Cape Town’s population has grown rapidly over the last ten years. At the same time, we have been consuming more than ever before. As a result we produce huge amounts of waste that pollute the air, water and soil.









Solid waste
  • In only five years (1999 - 2004), the amount of waste dumped at landfill sites in Cape Town grew by 43%. On average, each person threw away 1.8 kilograms of waste every day (660 kg per year) in 2004.
  • Cape Town has already closed two landfill sites and only four sites remain open (Vissershok, Coastal Park, Faure, Bellville). These will be full before the end of 2007, but three of the sites will be expanded. Nobody wants a landfill site near their home but it is very expensive to transport waste out of the city.
  • We must all reduce the amount of waste we produce because landfill space is severely limited. This means reducing what we consume, reusing and repairing items, and recycling waste.










Water pollution

Many sources of pollution contaminate Cape Town’s rivers and wetlands:

  • soil erosion makes the water muddy
  • litter can hurt people and animals using rivers and wetlands, and creates places where mosquitoes and other pests breed
  • sewage from leaking sewers can spread diseases like diarrhoea
  • fertilizer from gardens, golf courses and farms causes water plants to grow rapidly and choke water bodies
  • waste water from factories can contain poisonous chemicals
  • motor oil from garages and road surfaces makes the water dirty and can poison animals.
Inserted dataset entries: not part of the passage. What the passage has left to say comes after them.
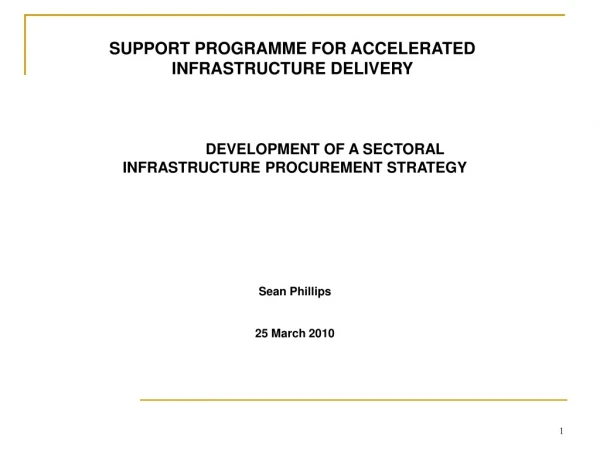 DEVELOPMENT OF A SECTORAL INFRASTRUCTURE PROCUREMENT STRATEGY Sean Phillips 25 March 2010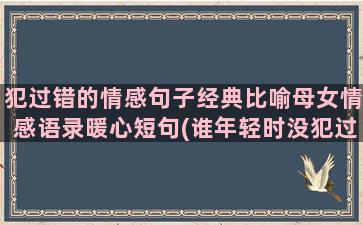 犯过错的情感句子经典比喻母女情感语录暖心短句(谁年轻时没犯过错的句子)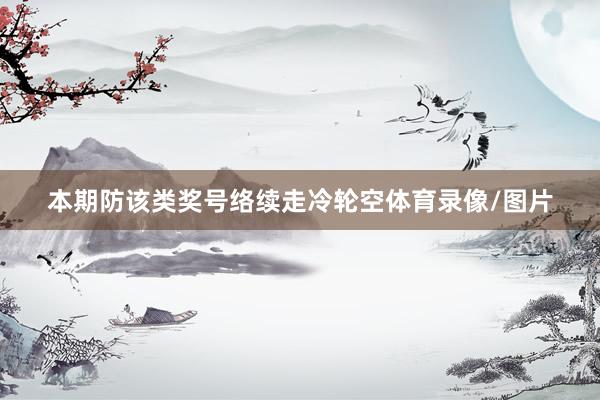 本期防该类奖号络续走冷轮空体育录像/图片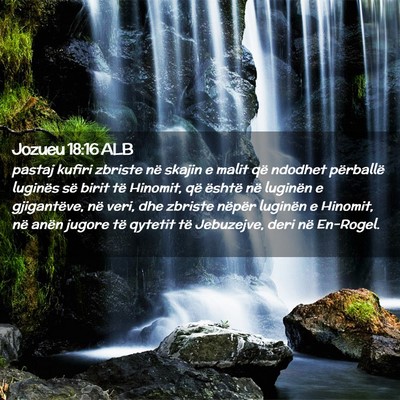 Picture 02 - Jozueu 18:16 ALB - pastaj kufiri zbriste në skajin e malit që - Bible Verse Picture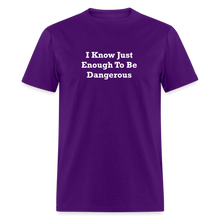 Load image into Gallery viewer, I Know Just Enough To Be Dangerous White Font Unisex Classic T-Shirt 2 - purple
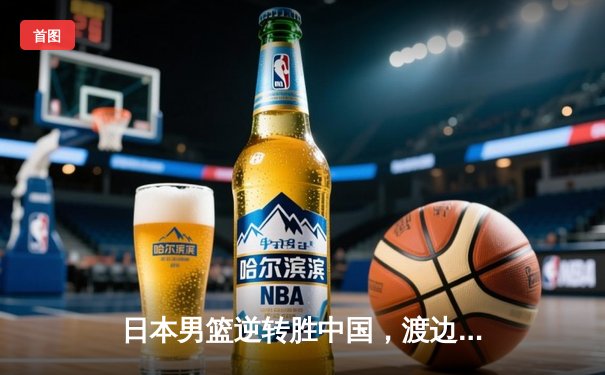 日本男篮逆转胜中国，渡边雄太关键三分锁定胜局
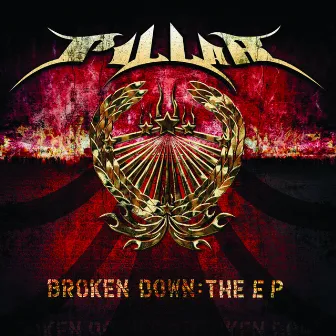 Broken Down: The EP by Pillar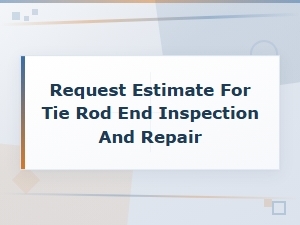 Tie Rod End Inspection and Repair Cost Estimate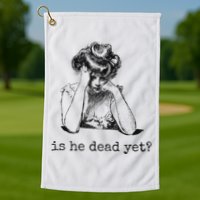 Is He Dead Yet Golf Towel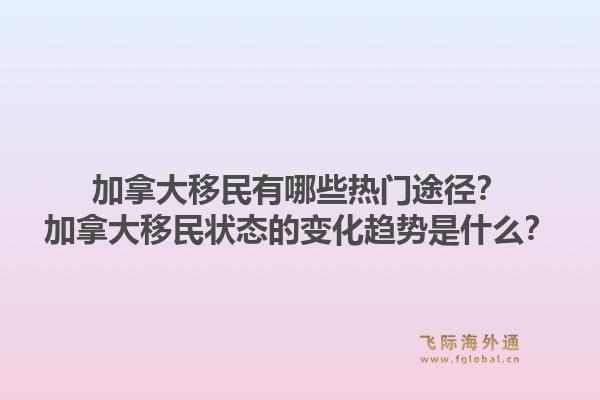 加拿大移民有哪些热门途径?加拿大移民状态的变化趋势是什么?1.jpg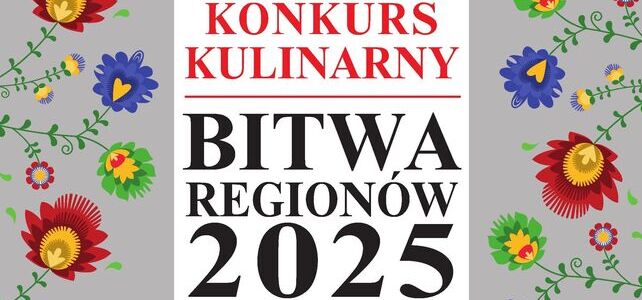 Plakat konkursu kulinarnego "Bitwa Regionów 2025". Na białym tle widoczne są czerwono-niebieskie kwiaty ludowe. U góry logo Bitwy Regionów, na dole logotypy organizatorów i adres strony internetowej.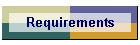 Requirements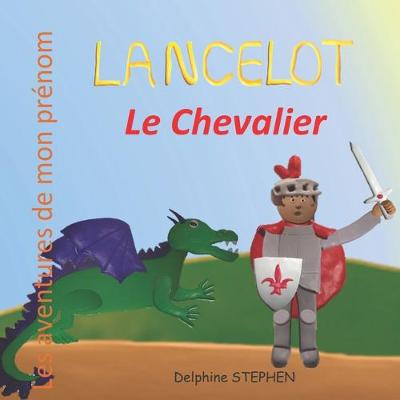 Book cover for Lancelot le Chevalier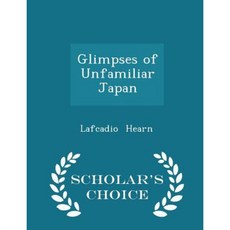 Glimpses of Unfamiliar Japan - Scholar's Choice Edition Paperback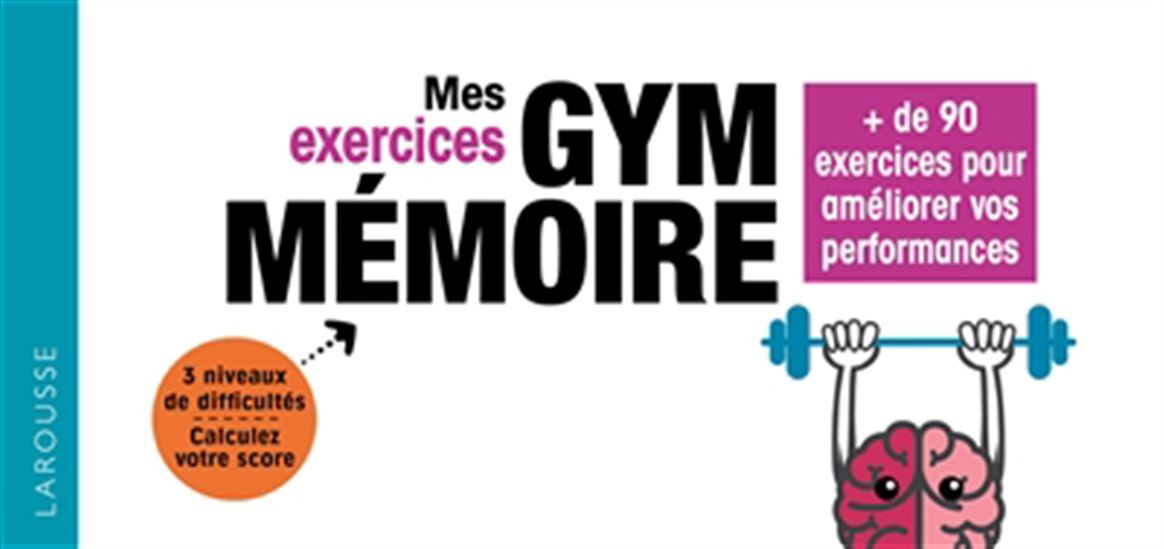 Mes exercices gym mémoire : 72 jeux pour booster votre mémoire - BERNARD CROISILE
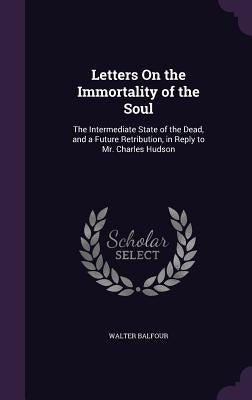 Letters On the Immortality of the Soul: The Intermediate State of the Dead, and a Future Retribution, in Reply to Mr. Charles Hudson by Balfour, Walter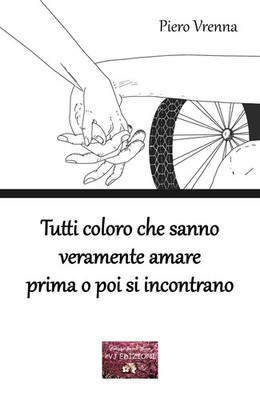 Piero Vrenna Gl Tutti coloro che sanno veramente amare (Taschenbuch) (US IMPORT)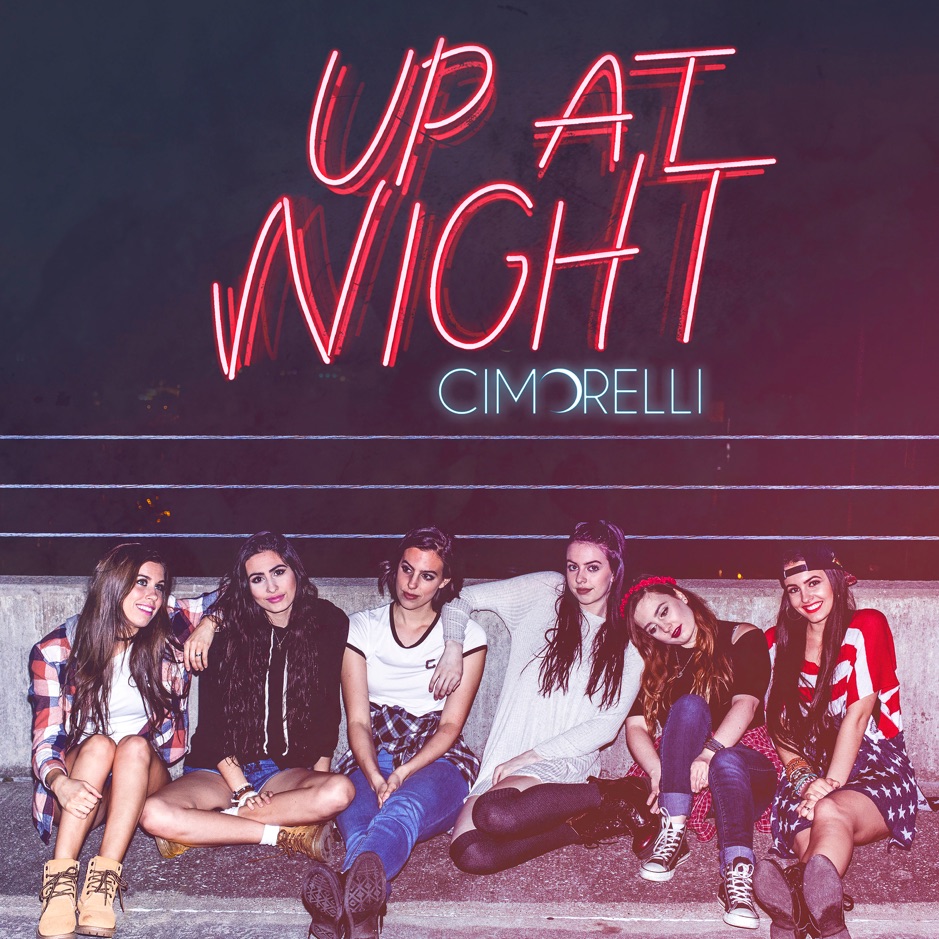 Cimorelli - Up At Night
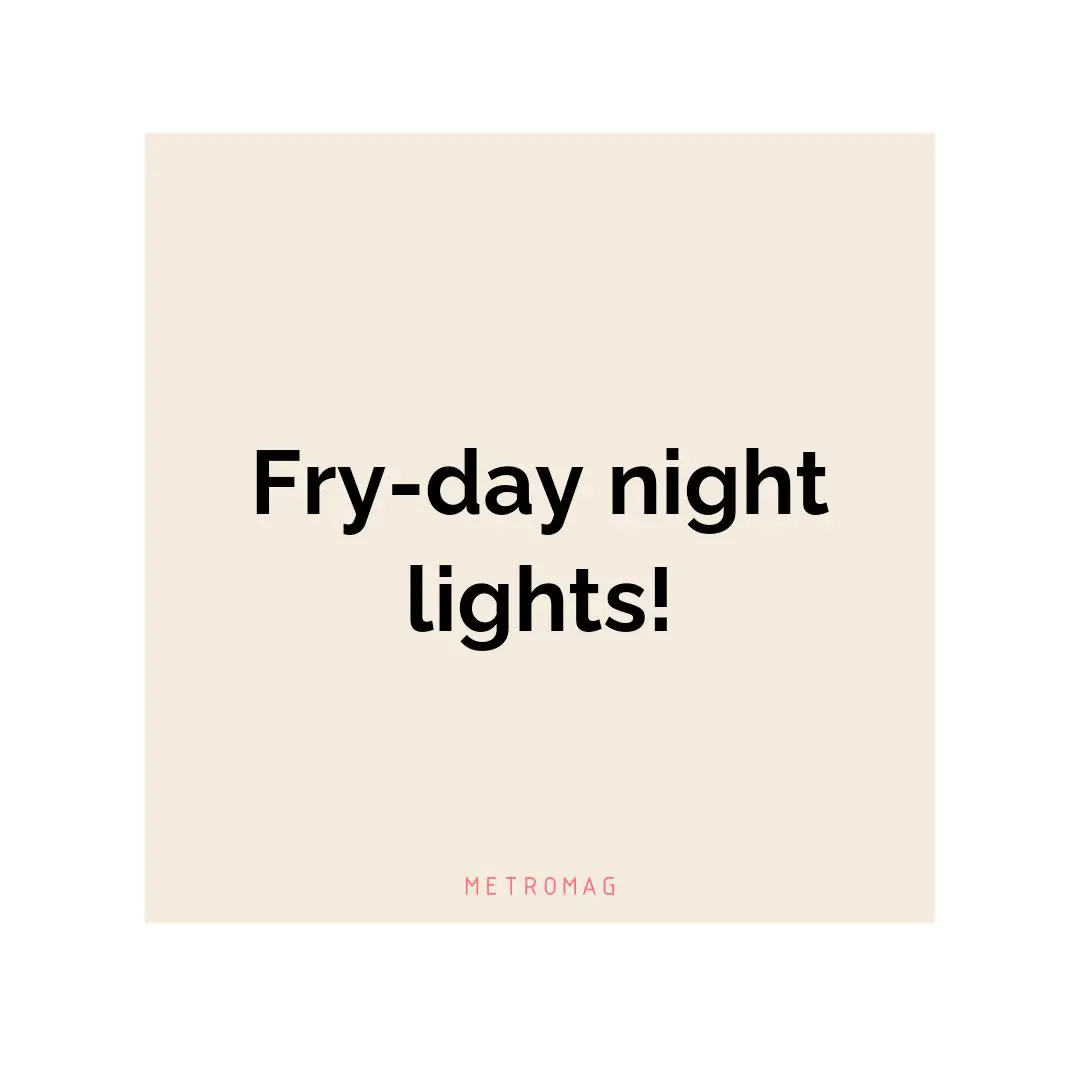Fry-day night lights!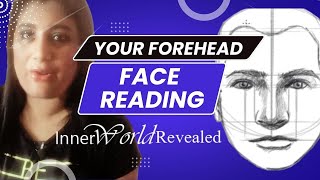 WHAT YOUR FOREHEAD TELLS ABOUT YOU  FACE READING PHYSIOGNOMY  Aditi Ghosh Numerology [upl. by Adlitam]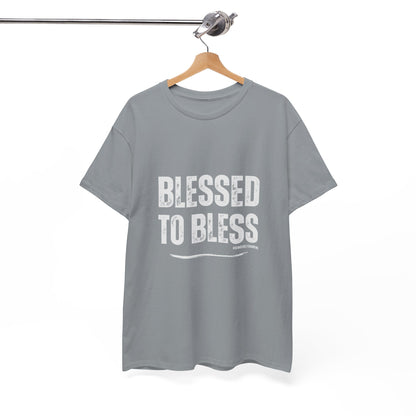 Blessed to Bless T-shirt by Sincerely Shanene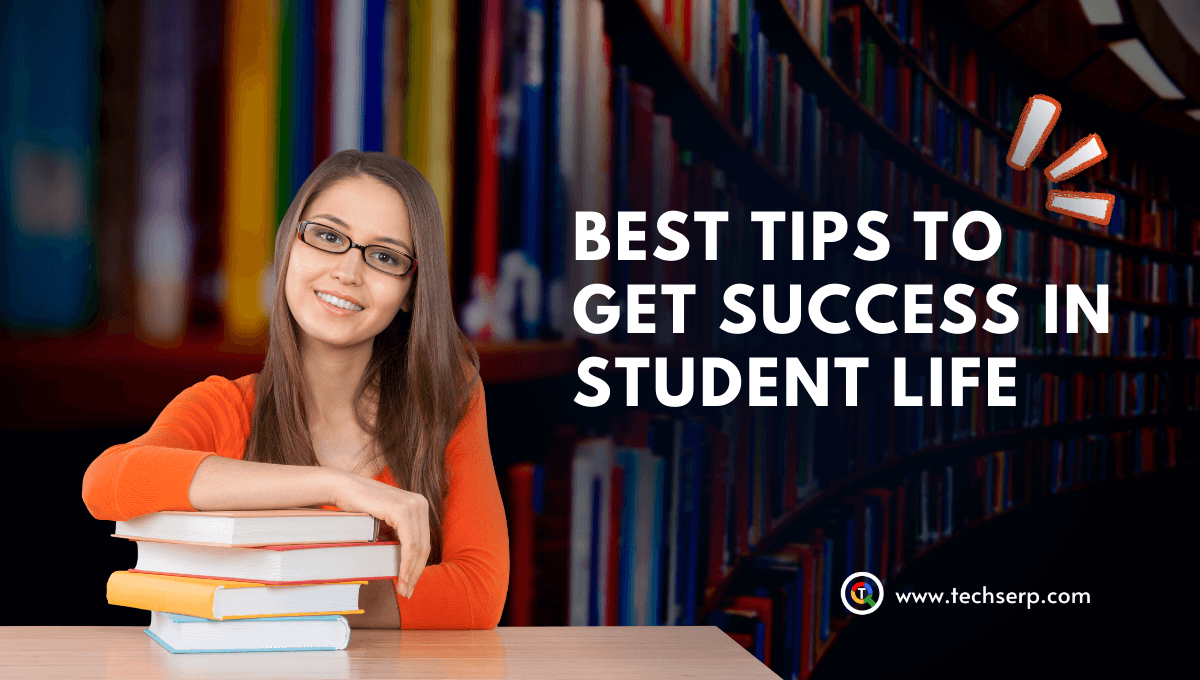 10 Best Tips to Get Success in Student Life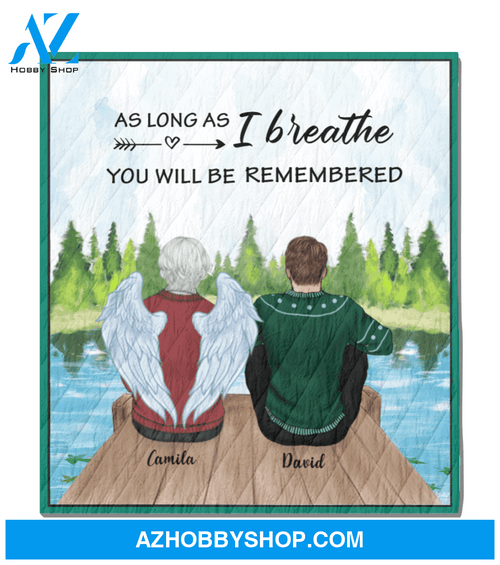 Personalized Blanket - Memorial Gift For The Loss Of Loved Ones - Mom and Son Blanket - As Long As I Breathe, You Will Be Remembered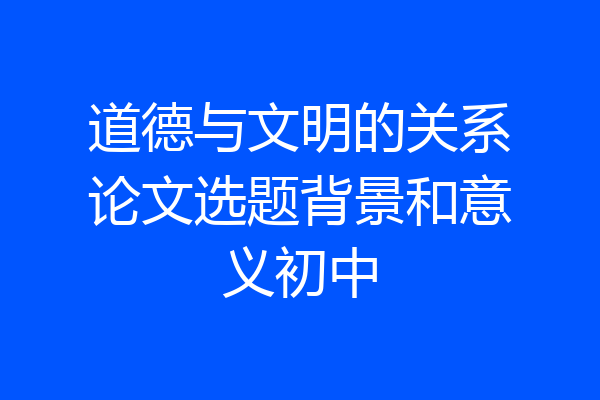 道德与文明的关系论文选题背景和意义初中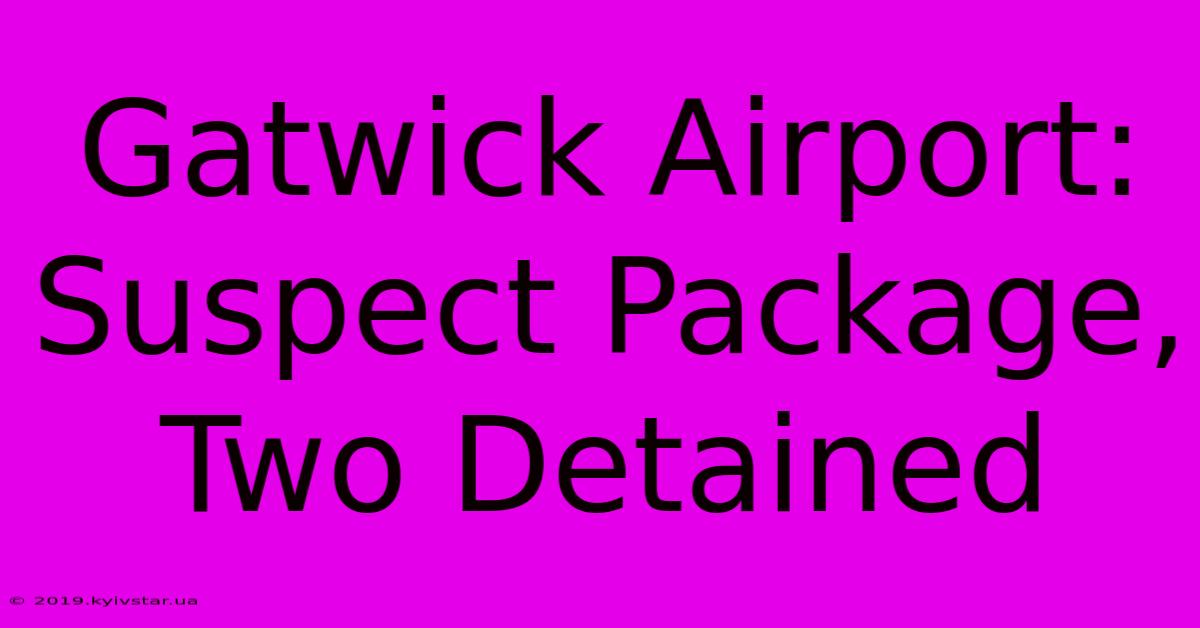 Gatwick Airport: Suspect Package, Two Detained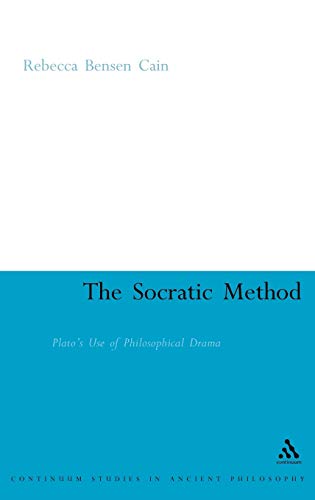 The Socratic Method: Plato's Use of Philosophical Drama (Continuum Studies in Ancient Philosophy)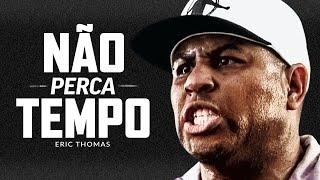 NÃO PERCA SEU TEMPO: Melhor vídeo de discurso motivacional com Eric Thomas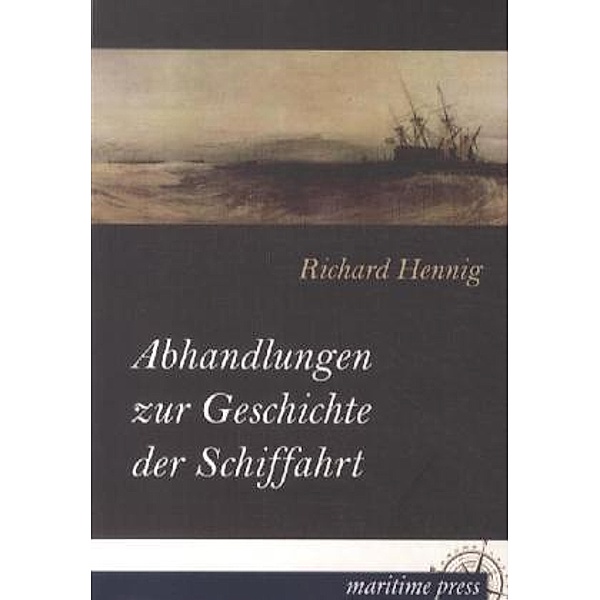 Abhandlungen zur Geschichte der Schiffahrt, Richard Hennig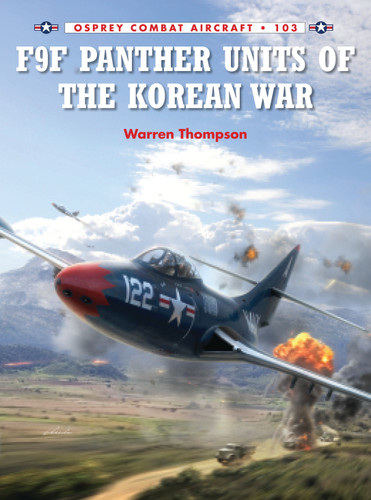 F9F Panther Units of the Korean War (Combat Aircraft #103) book cover by Warren Thompson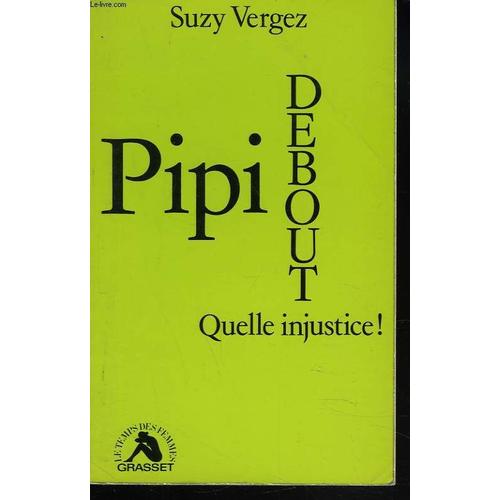 Pipi debout, quelle injustice ! (Grand format - Autre 1977), de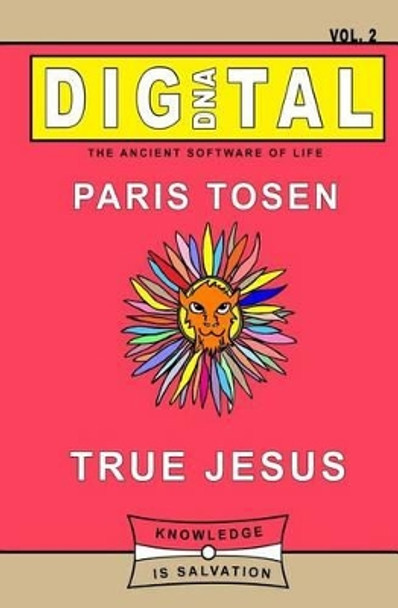 True Jesus by Paris Tosen 9781533310750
The River Health Programme monitors rivers and wetlands throughout the Western Cape and rates them as Natural, Good, Fair or Poor. In 2005 in Cape Town, 65% of sites were rated either Fair or Poor. Only six of the 43 sites were rated as Natural.









Air pollution
  • Motor vehicles, industry and fires contribute to serious air pollution problems in Cape Town. The brown haze that hangs over the city on still days affects people’s health, particularly those who suffer from asthma, bronchitis and tuberculosis (TB).
  • When fuels like wood, coal, paraffin and petrol are burned a gas called carbon dioxide is produced.  CO2 is a greenhouse gas as well as one of the gases that produces acid rain. South Africa is the 14th highest CO2 producer in the world. On average, each person in Cape Town is responsible for producing of 6.27 tons of CO2 per year!
  • We can all help to reduce the amount of CO2 produced in Cape Town by using less energy. This means walking or cycling rather than driving, and using energy sparingly in the home.